WHAT YOU HAVE TO DO: Retype, word for word, every line starting at the line with "Screenshot che mostra" and ending with the final line of the entries; skip the pictures.

[[ RECORDS PROVIDED open ]]

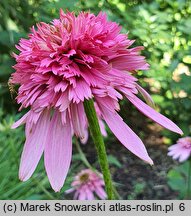 Echinacea purpurea Razzmatazz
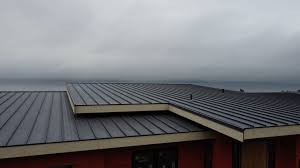 Best Rubber Roofing (EPDM, TPO)  in Graniteville, SC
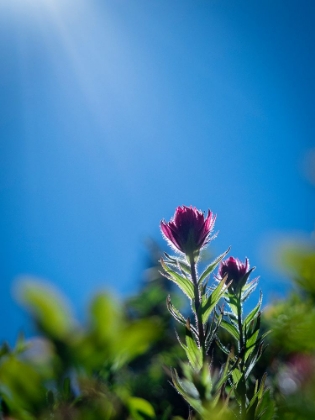 Picture of USA-MOUNT RAINIER NATIONAL PARK-BACKLIT INDIAN PAINTBRUSH FROM LOW PERSPECTIVE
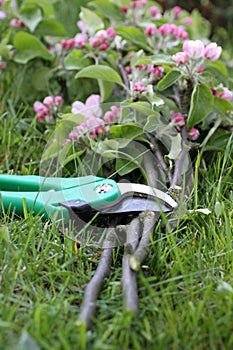 Secateurs with apple branches photo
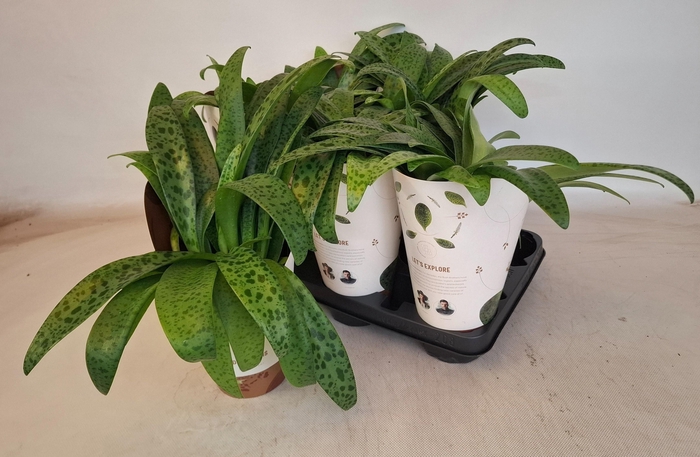 <h4>DRIMIOPSIS MACULATA</h4>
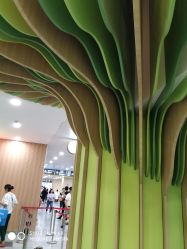 -上海交通大学医学院附属上海儿童医学中心(陆家嘴总院区)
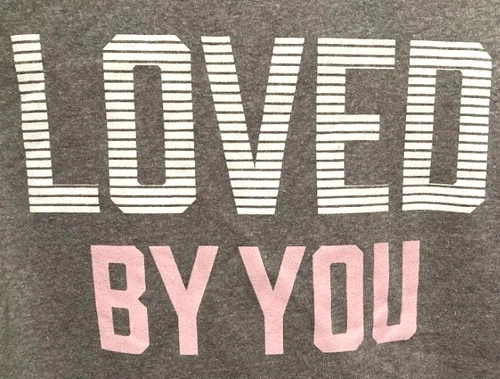 Chris Tomlin Sweatshirt Gray Pink Large Hoodie LOVED BY YOU Song New HTF🎗️ image 6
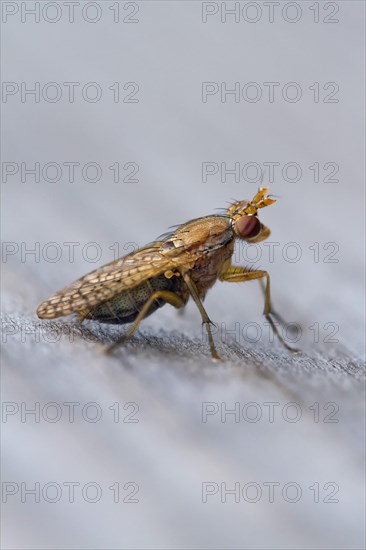 Yellow dung fly (Scathophaga stercoraria)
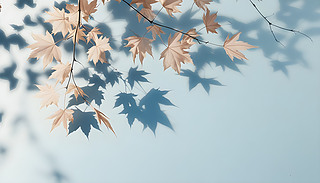 o{(ln)ɫ~ӳro{(ln)ɫ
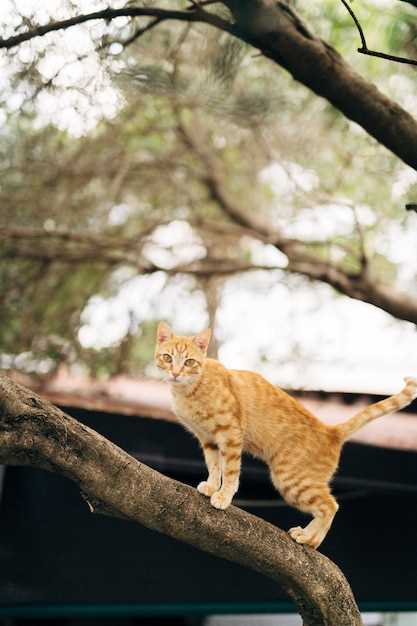 Interpretación de la cola de un gato arrancada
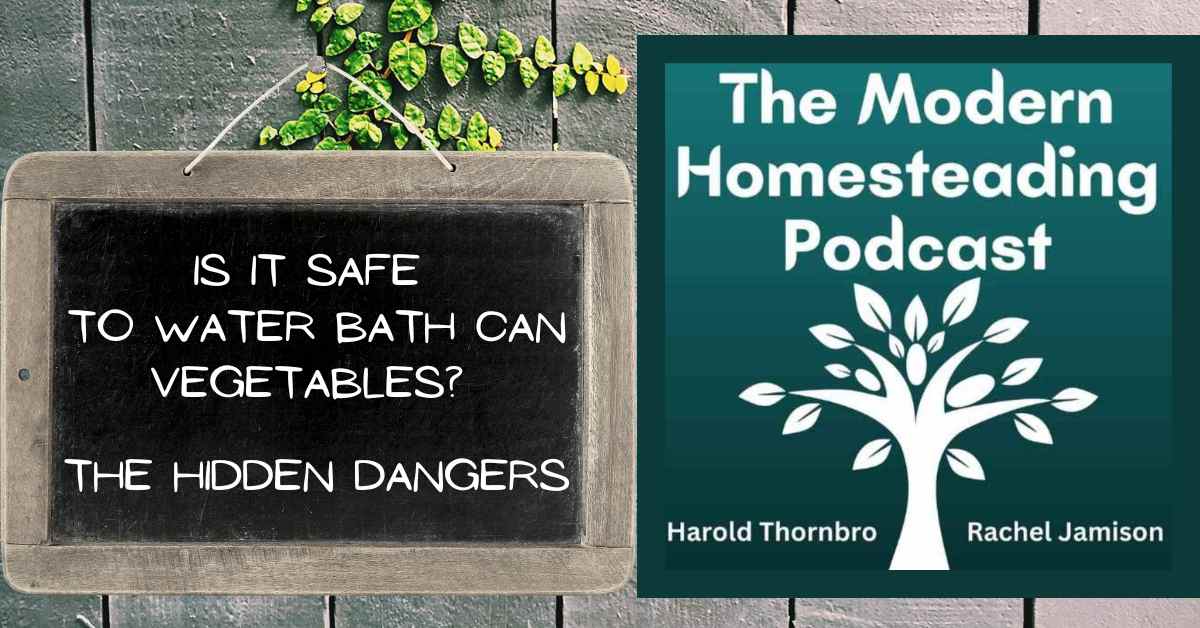 Read more about the article Is It Safe To Water Bath Can Vegetables? The Hidden Dangers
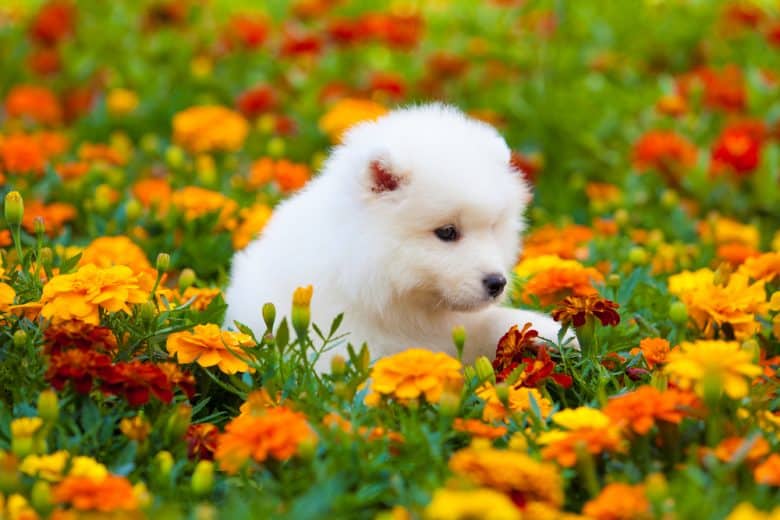 A white Samoyed puppy surrounded with flowers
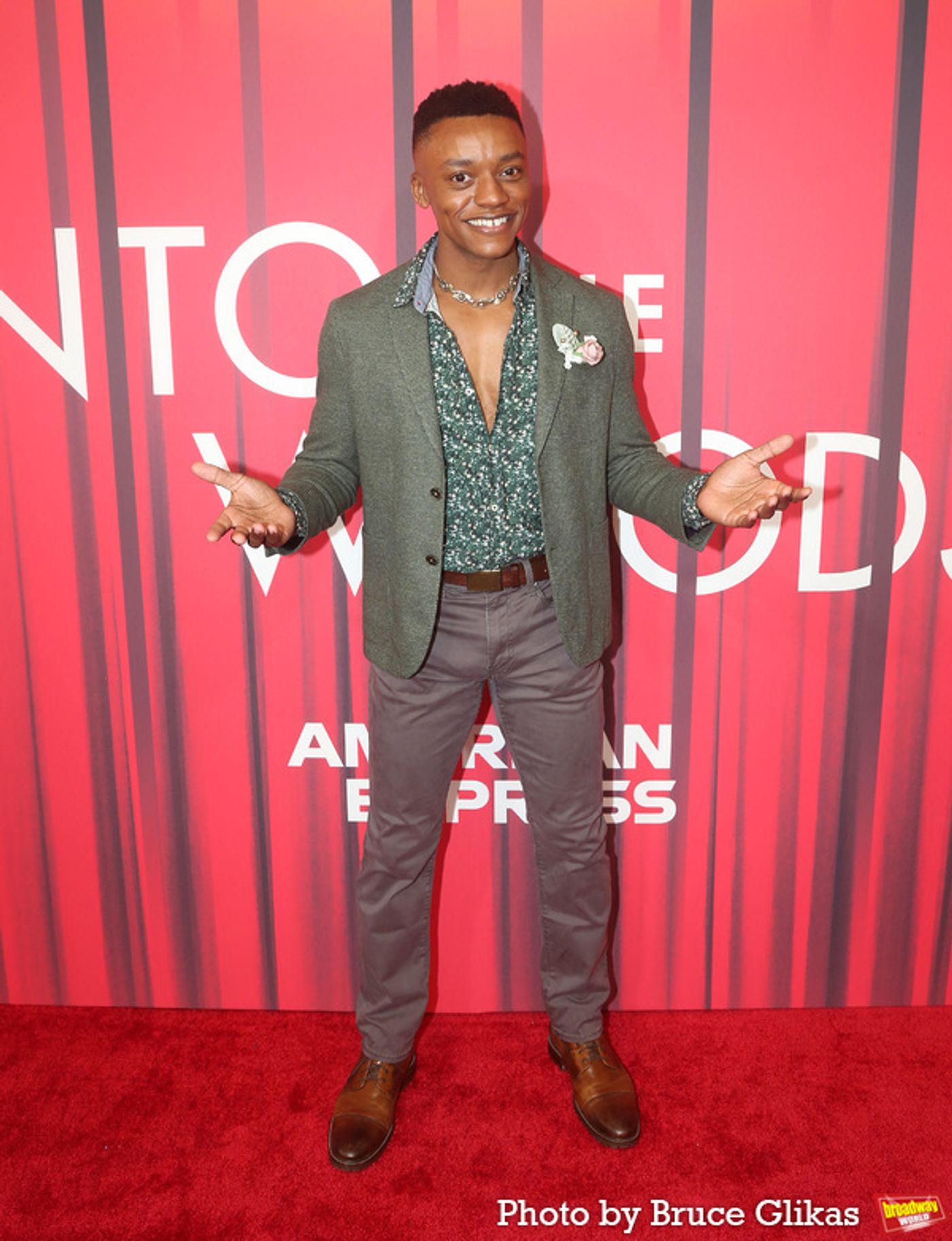 Photos: On the Red Carpet with the Cast of INTO THE WOODS  Image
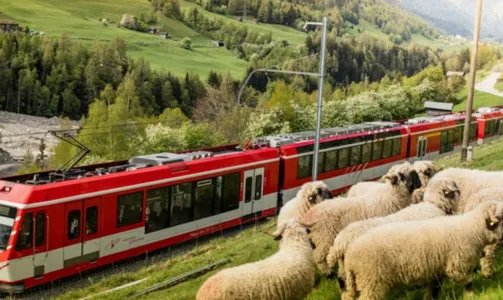 戈爾內格拉特登山鐵路:觀光列車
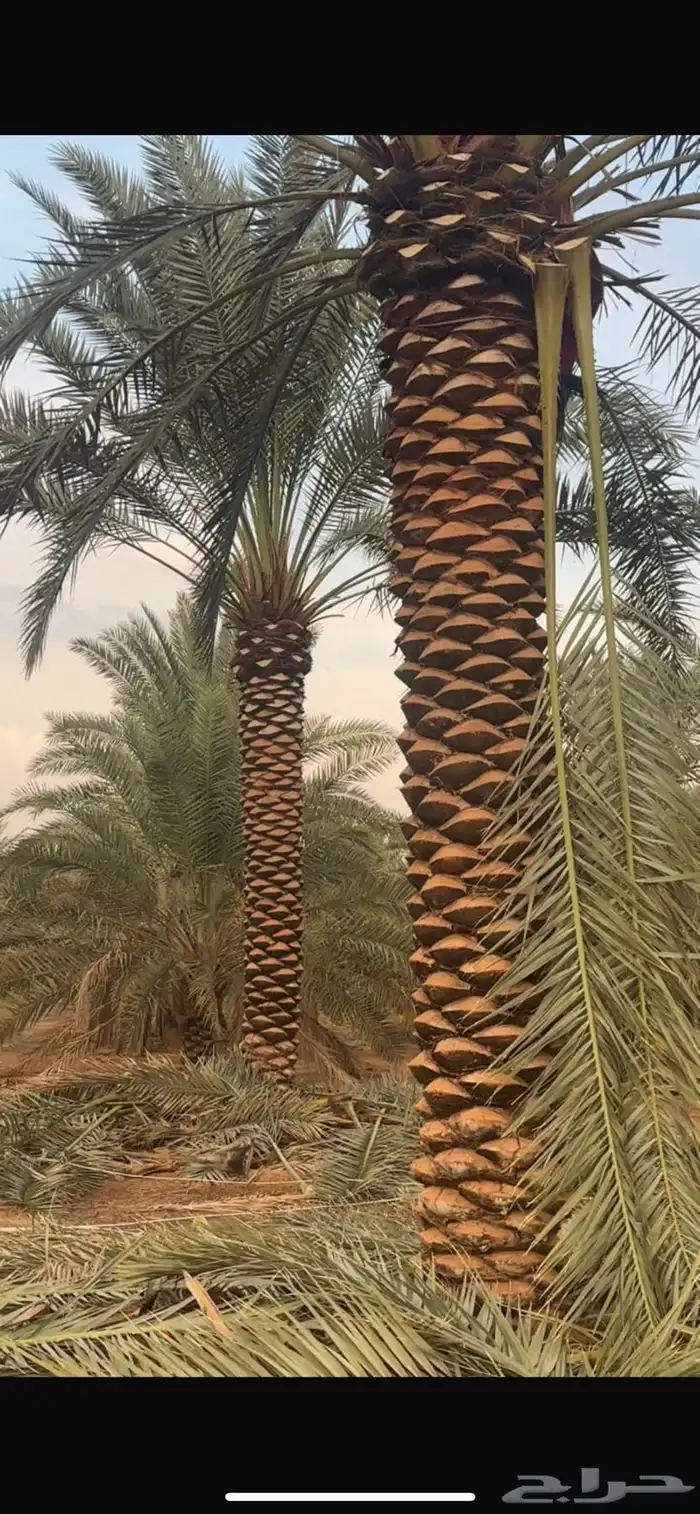 نخل للبيع جميع الطول موجود 2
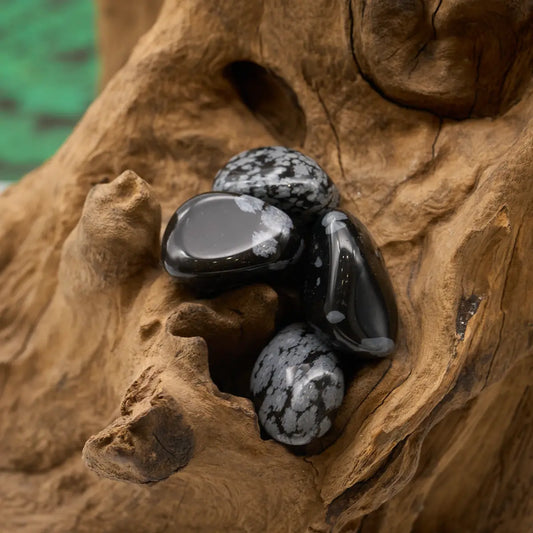 Schwarz mit grauen Punkten – beruhigt und zentriert.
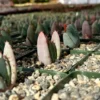 Aloe Peglerae Rare Rosette Pink Succulent 3.5" Pot - Live Plant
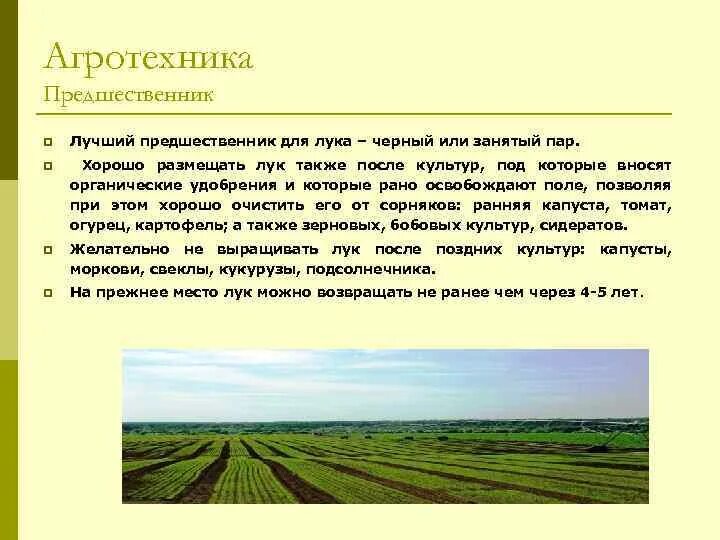 Агротехника возделывания. Краткая агротехника. Агротехника меры борьбы. Краткая агротехника. Технология возделывания картофеля.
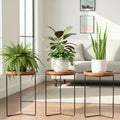 Indoor Metal Plant Stands with Wooden Tops - 3-Pack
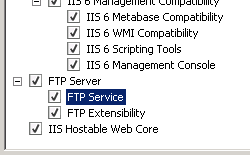 Screenshot che mostra l'opzione F T P Extensibility selezionata per Windows Server 2008.
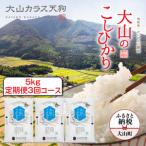 KT-04 大山のこしひかり5kg定期便3回コース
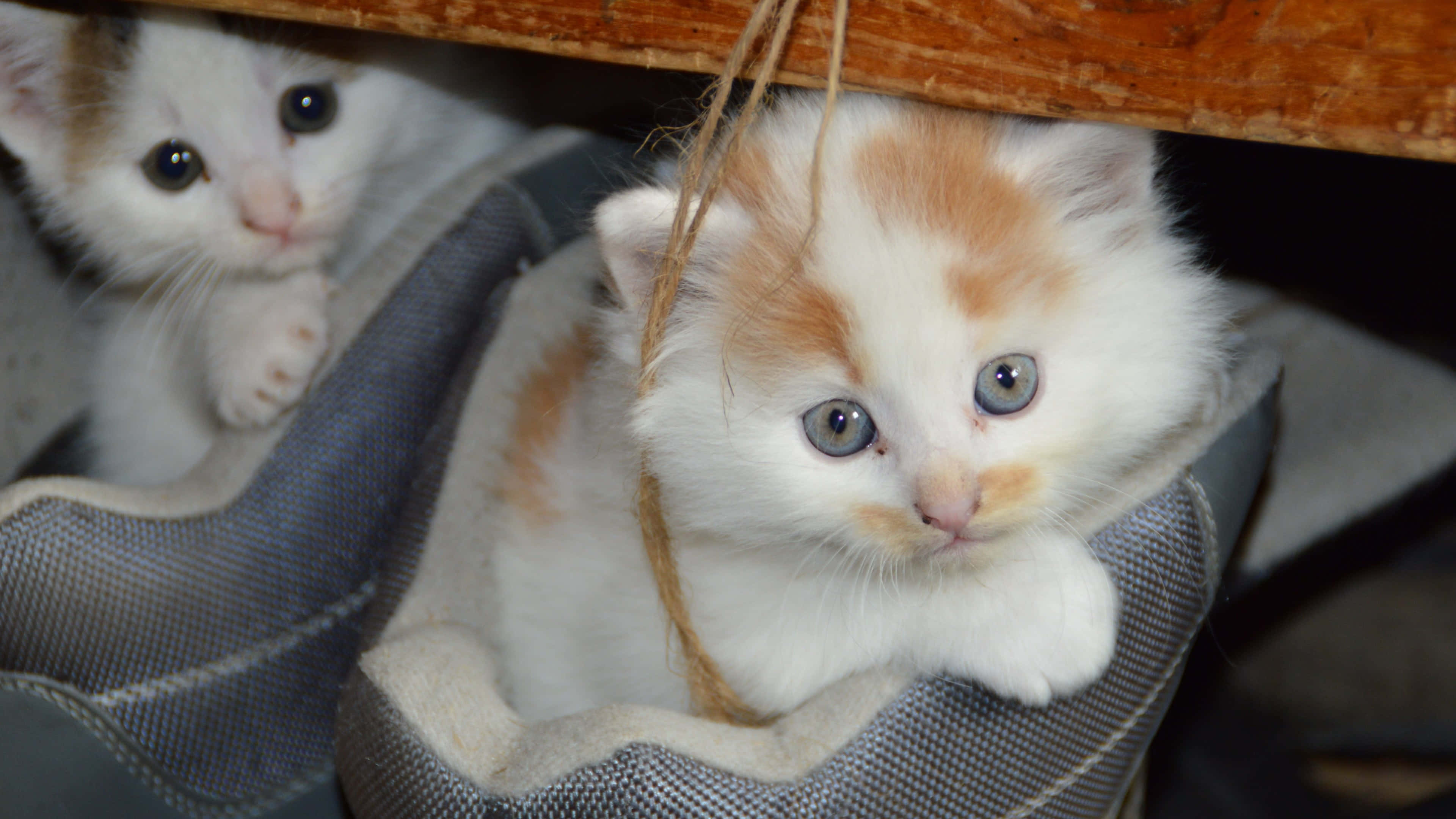 Kitten Cat 桌布 壁紙 — 兩隻毛茸茸的白色和橙色小貓好奇地從灰色鞋子內的一個木架下探出頭來。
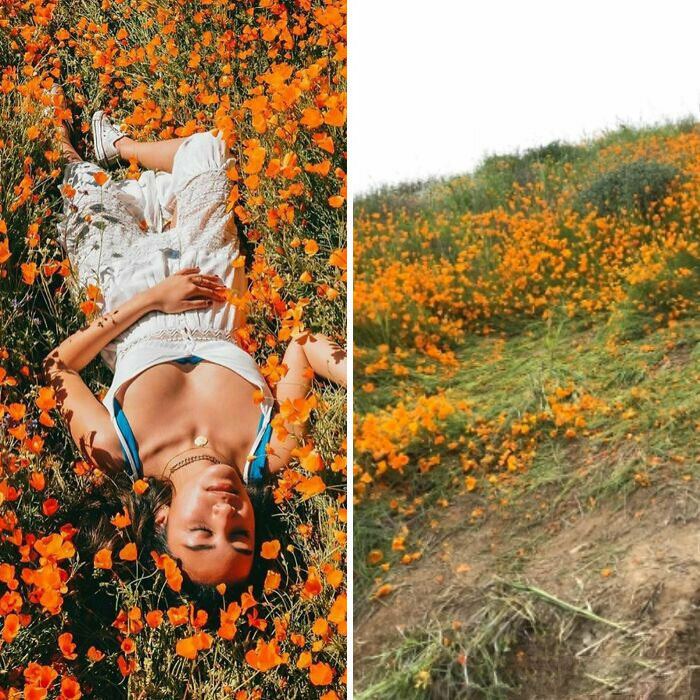 california super bloom ruined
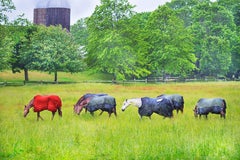Horses, East Hampton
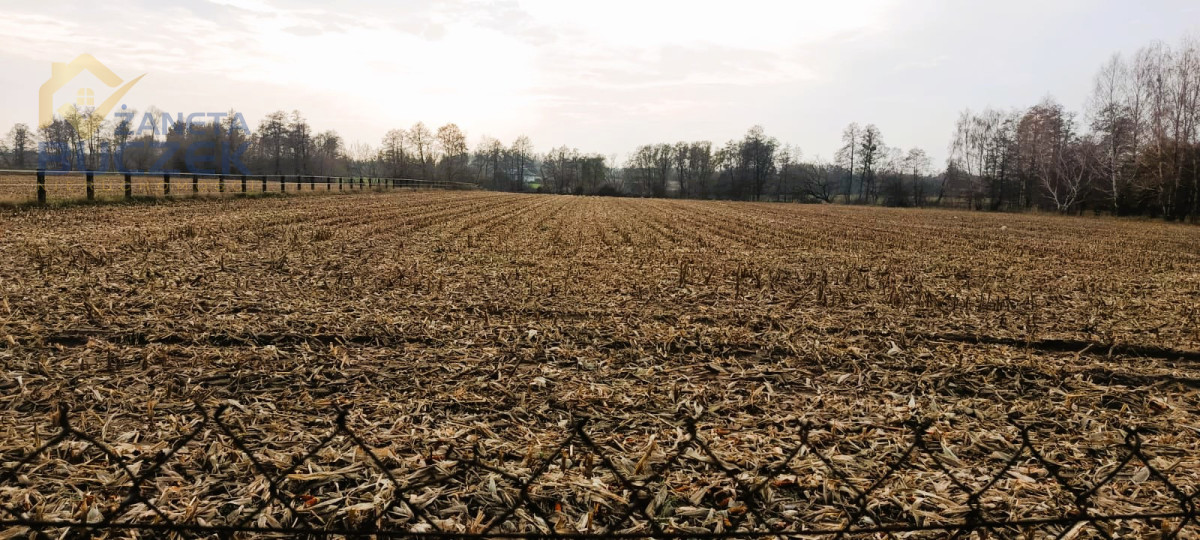 Działka na sprzedaż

[[ RECORDS PROVIDED closed ]]

EXERCISE OUTPUT:
 Screenshot che mostra l'opzione F T P Extensibility selezionata per Windows Server 2008.
 KT-04 大山のこしひかり5kg定期便3回コース
 Kitten Cat 桌布 壁紙 — 兩隻毛茸茸的白色和橙色小貓好奇地從灰色鞋子內的一個木架下探出頭來。
 california super bloom ruined
Horses, East Hampton
 Działka na sprzedaż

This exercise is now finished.